Fighting back • Stern dropped that hint Monday, referring to players whose last NBA season could be the 2010-11 year that ended in April, not the 2011-12 campaign that has yet to start.

"They seem hell-bent on self-destruction, and it's very sad," Stern said.

Backed into a corner by the commissioner and hardline owners, players ended more than two years' worth of negotiations Monday by finally putting up a fight. The NBPA was on the verge of agreeing to about $3 billion worth of economic givebacks, while system issues weighed heavily in the league's favor as owners attempted to hit a reset button after superstars such as LeBron James formed superpower teams last season.

Many expected the union to respond to Stern's latest ultimatum with a counterproposal that would continue talks and prevent the NBA from canceling more games. Instead, players did what owners have done since the lockout started July 1: go for the throat.

Now, neither side is backing down. And the 2011-12 clock continues to click.

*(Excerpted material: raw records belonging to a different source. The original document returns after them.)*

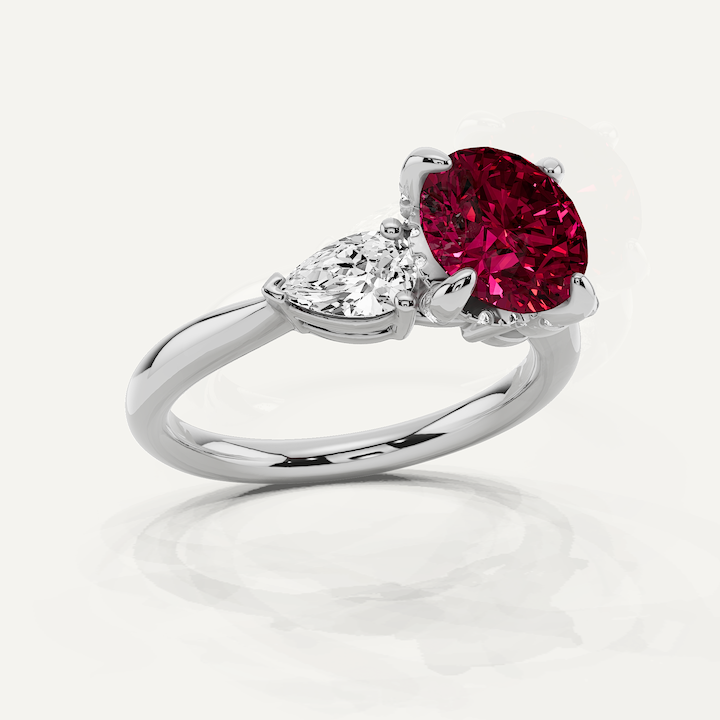 _roll_image@SKU:RG937-LCRR02000004W #metal_10k-white-gold+origin_lab-created
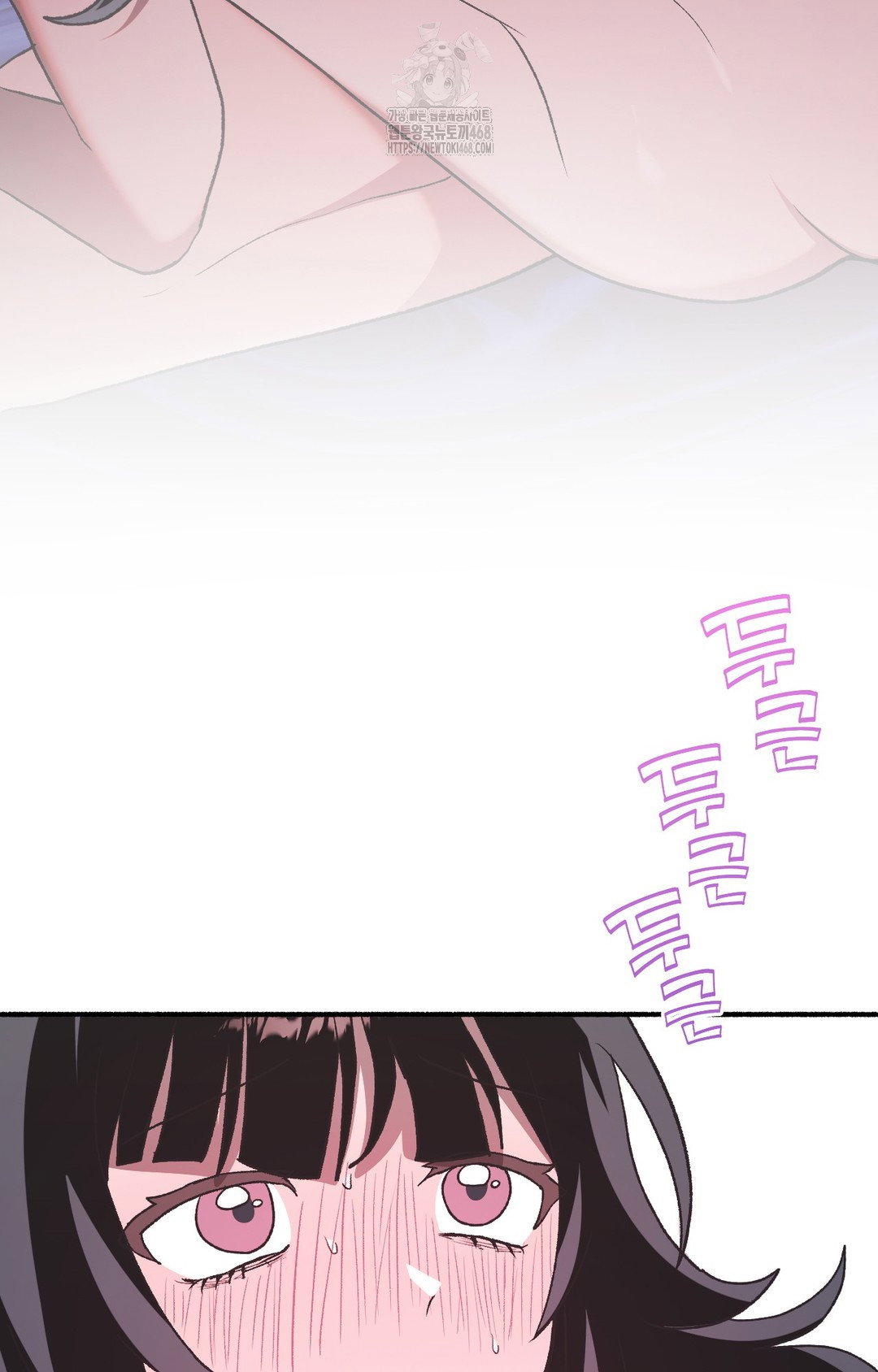 just-hold-my-hand-raw-chap-5-89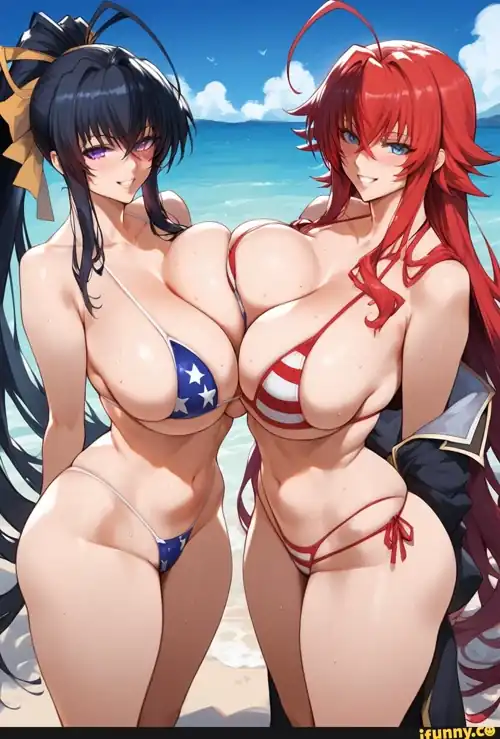 Left or Right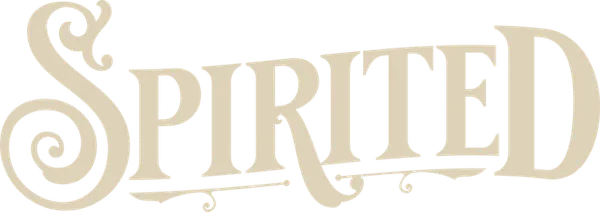 Each Christmas Eve, the Ghost of Christmas Present selects one dark soul to be reformed by a visit from three spirits. But this season, he picked the wrong Scrooge. Clint Briggs turns the tables on his ghostly host until Present finds himself reexamining his own past, present and future.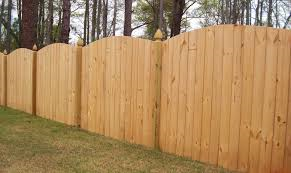 Slide of Advanced Building And Construction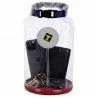 Sac Etanche transparent TrouveTout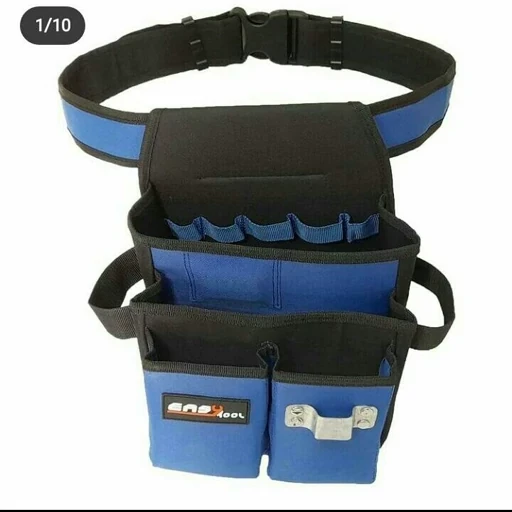 کیف کمری درجه 1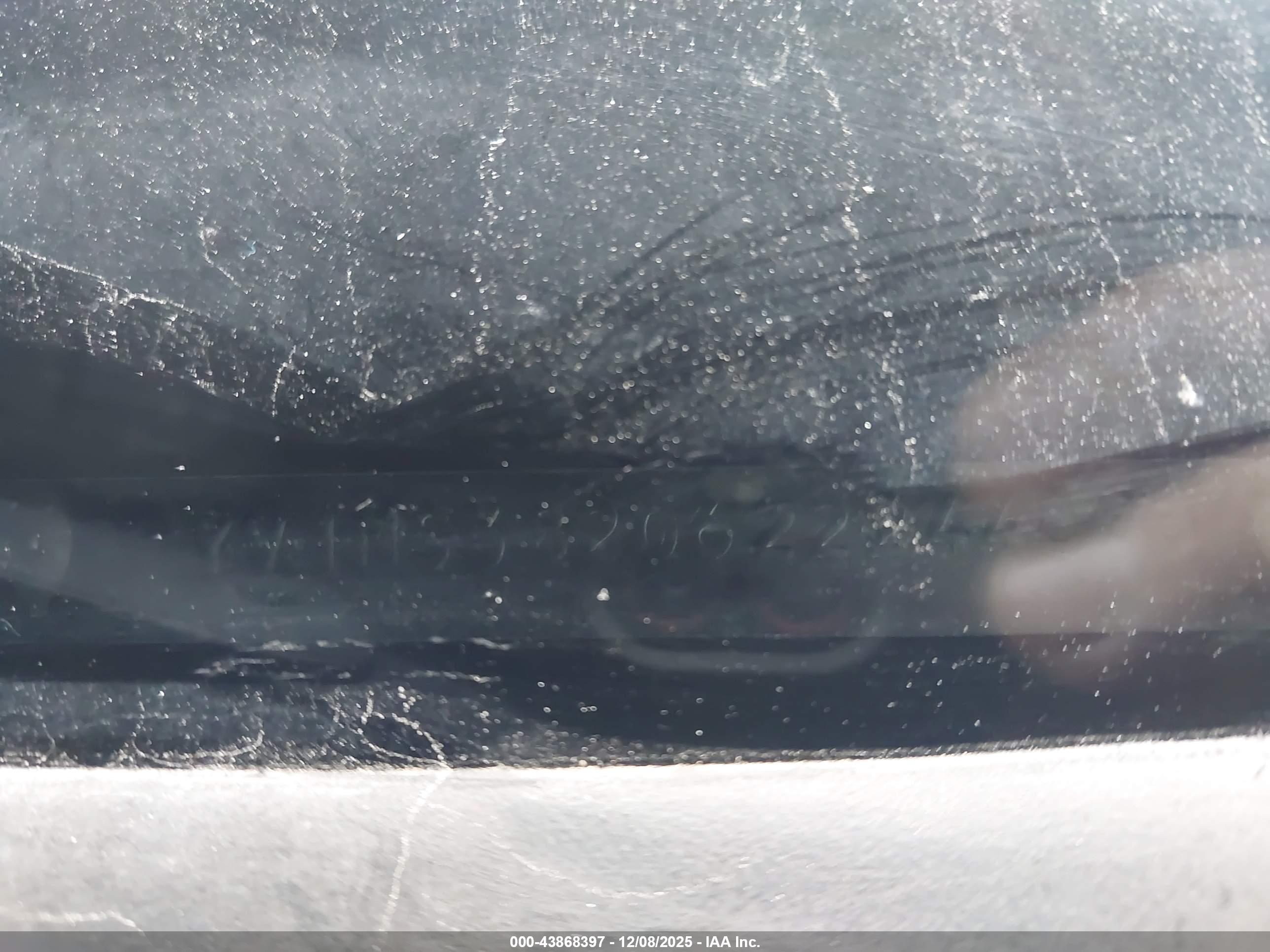VOLVO S40 image 9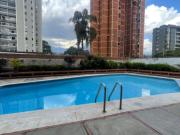 apartamento en alquiler – Cerca del C.C. Santa Paula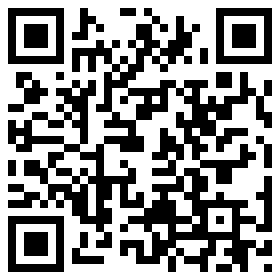 qrcode für Logitech 984-002001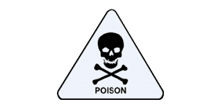 NZ Poisons Centre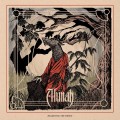 Buy Alunah - Awakening The Forest Mp3 Download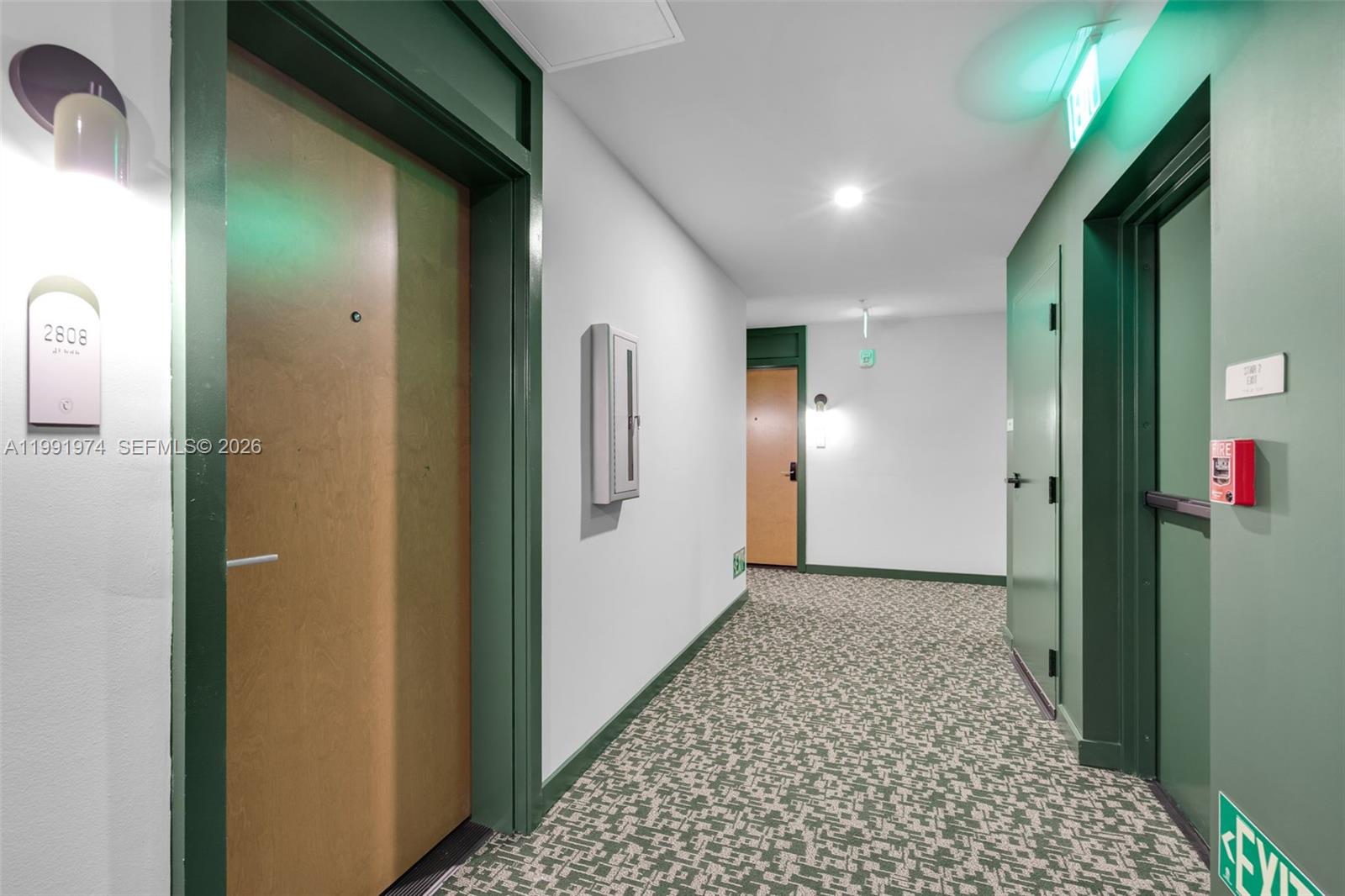 image The Crosby Miami Worldcenter20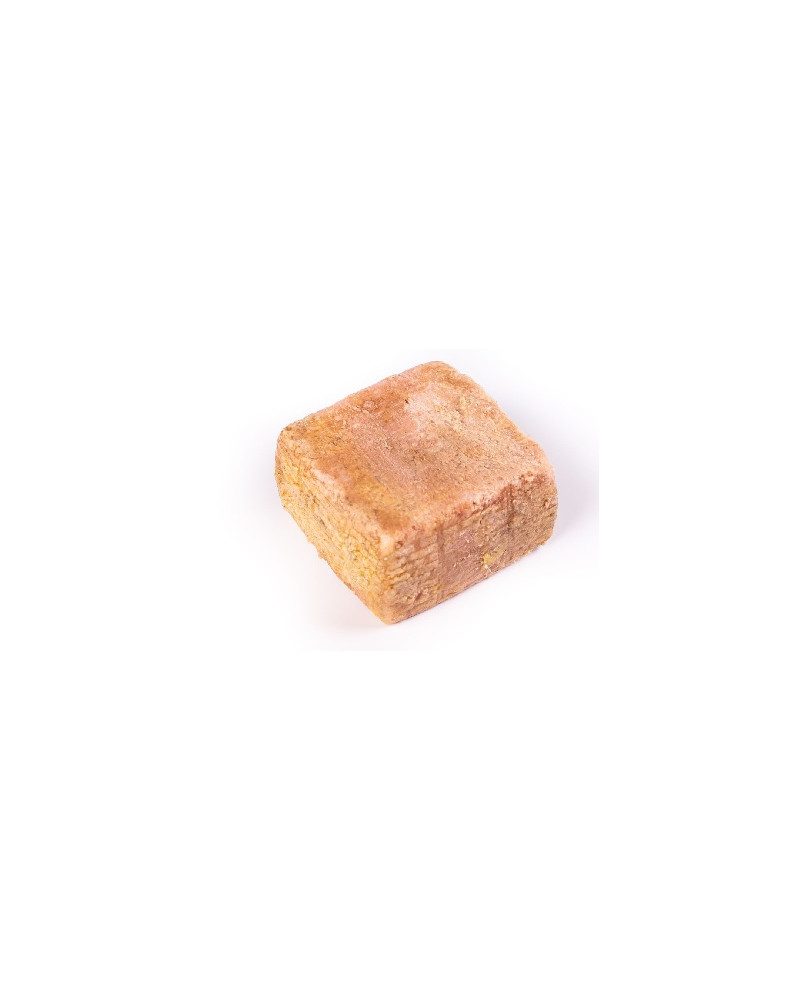 queso oveja mini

"This is the best decision for the players," NBPA president Derek Fisher said. "I want to reiterate that point: that a lot of individual players have a lot of things personally at stake in terms of their careers and where they stand. And right now they feel it's important — we all feel it's important to all our players, not just the ones in this room, but our entire group — that we not only try to get a deal done for today but for the body of NBA players that will come into this league over the next decade and beyond."

Twitter: @tribjazz

The Associated Press contributed to this story. —

Next move

P NBPA executive director Billy Hunter issued a disclaimer of interest Monday, dissolving the union in the fastest way possible. Attorneys Jeffrey Kessler and David Boies, who took opposite legal sides during the recent NFL lockout, will guide players in the courtroom and at the negotiating table if talks resume. An antitrust lawsuit bearing players' names is expected to soon be filed in a pro-union jurisdiction, likely the Ninth Circuit in San Francisco. "We've got a stellar team," Hunter said. "And we're prepared to file this antitrust action against the NBA, because we think that's probably the best situation where the players can achieve their due process."